2. As tuas declarações. São aquelas do juízo divino que provavelmente trarão sofrimento a Habacuque e àqueles que file são ligados por laços comuns de fé e amor. É o juízo anunciado no cap. 1.
Aviva. Embora as versões inglesas traduzam o hebraico para reaviva ou renova, o profeta não está pedindo a Deus que repita o que já fez nos grandes dias de outrora. O verbo foi usado em outras passagens com força cansativa, como, por exemplo, em Gn. 7:3; 19:32; Dt. 32:39, onde o significado é preservar com vida, ou chamar à vida. Pede-se a Deus que ponha em operação as Suas obras, isto é, Seu programa exposto, para que se torne uma ação viva. Que esse é o caso está confirmado pelo paralelismo: “no decurso dos anos faze-a conhecida”. A tua obra é então o propósito anunciado em 1:5, junto com os juízos enunciados no capítulo 2.
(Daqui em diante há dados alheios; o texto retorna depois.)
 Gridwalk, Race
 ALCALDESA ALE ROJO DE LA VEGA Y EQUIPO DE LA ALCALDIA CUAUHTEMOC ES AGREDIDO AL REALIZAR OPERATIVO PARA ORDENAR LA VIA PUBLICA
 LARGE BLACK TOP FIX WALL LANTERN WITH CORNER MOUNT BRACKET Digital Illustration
No decorrer dos anos. Bengel, um comentarista mais antigo, declara que este versículo aponta para o nascimento de Cristo e a era cristã. A obra de Deus tem de ser feita em um período que divide a história, o Velho Testamento do Novo. Esta proposição não tem encontrado boa aceitação. Habacuque está pedindo que no correr dos anos futuros Deus possa castigar e curar.
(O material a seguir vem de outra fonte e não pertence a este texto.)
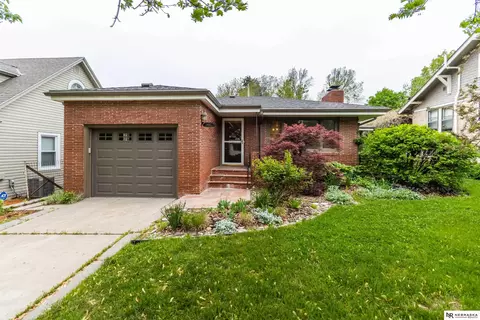 1607 Woodsview St, Lincoln, NE 68502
Alguns acham que os versículos 3-15 descrevem uma teofania, ou uma manifestação da Divindade ao profeta. Outros acham que é simplesmente um recital poético das obras divinas com um motivo referente ao Êxodo, isto é, empregando os padrões da atividade divina no período do Êxodo. Não há motivos para acharmos que Habacuque tivesse o tipo de experiências teofanias dadas a Abraão. Ao mesmo tempo estes versículos são mais que uma celebração poética.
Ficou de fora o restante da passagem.